Parallel tourt die mobile Ausstellung „Health XP“ durchs Land. Sie informiert über personalisierte Medizin und Krebsprävention – vom 25. bis 28. Juni macht sie Station in Ingolstadt. Die Initiatoren wollen vor allem Jugendliche ab 14 Jahren und Erwachsene erreichen.
Medizinregistergesetz: Mehr Daten, mehr Kritik
Ein zentraler Baustein für die Datenzukunft ist das geplante Medizinregistergesetz. Philipp Müller vom Bundesgesundheitsministerium (BMG) betonte auf Fachveranstaltungen die hohe Priorität des Vorhabens. Ziel: Die über 400 medizinischen Register in Deutschland besser nutzbar machen. Eine Forschungskennziffer, basierend auf der Krankenversichertennummer (KVNR), soll die Verknüpfung verschiedener Datensätze ermöglichen.
Jana Holland vom BMG verteidigte den Gesetzentwurf, den das Kabinett bereits im März 2026 beschloss. Er befindet sich nun in der parlamentarischen Beratung. Die Neuregelung soll auch die europäische Anschlussfähigkeit der deutschen Dateninfrastruktur sichern. Ab Oktober 2026 sollen zudem Daten aus der elektronischen Patientenakte (ePA) von rund 70 Millionen Versicherten im Forschungsdatenzentrum (FDZ) bereitstehen.
Kritik kommt vom Institut für Qualität und Wirtschaftlichkeit im Gesundheitswesen (IQWiG). Thomas Kaiser bemängelte einen einseitigen Fokus auf die Dateninfrastruktur. Die eigentliche Forschungsinfrastruktur und Qualitätsprüfung blieben auf der Strecke. Auch die Arbeitsgemeinschaft der Wissenschaftlichen Medizinischen Fachgesellschaften (AWMF) fordert eine nachhaltige Finanzierung und klare Perspektiven für die Registerbetreiber.
KI als Systemtreiber – mit Hürden
Die Bedeutung von Daten unterstreichen aktuelle Entwicklungen im Bereich Künstliche Intelligenz (KI). Laut dem Trendreport Gesundheits-IT 2026 des Bundesverbandes Gesundheits-IT (bvitg) entwickelt sich KI zum strategischen Systemtreiber. Sie soll systematisch in Versorgungs- und Verwaltungsprozesse integriert werden.
Forschungsergebnisse, unter anderem in der Fachzeitschrift „Nature“, stellen KI-Modelle wie MIRA und AMIE vor. In Tests zeigten sie hohe Kompetenz bei der Erfassung von Krankheitsgeschichten und der Erstellung von Behandlungsplänen.
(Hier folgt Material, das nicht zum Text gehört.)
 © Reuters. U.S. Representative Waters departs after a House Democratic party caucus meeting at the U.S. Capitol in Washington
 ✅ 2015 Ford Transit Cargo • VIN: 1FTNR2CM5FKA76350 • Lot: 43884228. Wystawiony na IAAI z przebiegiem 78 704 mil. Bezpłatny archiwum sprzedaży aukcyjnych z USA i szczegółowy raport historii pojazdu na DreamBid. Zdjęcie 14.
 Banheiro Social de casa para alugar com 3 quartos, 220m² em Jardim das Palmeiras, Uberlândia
Experten verweisen allerdings auf Hürden bei der Zulassung und Haftung im realen Versorgungsalltag.
Für die datenschutzkonforme Forschung erhielten Dienste des AIT Austrian Institute of Technology ein DSGVO-Zertifikat. Solche Systeme ermöglichen die Pseudonymisierung sensibler Daten – etwa in der Kinderkrebsforschung.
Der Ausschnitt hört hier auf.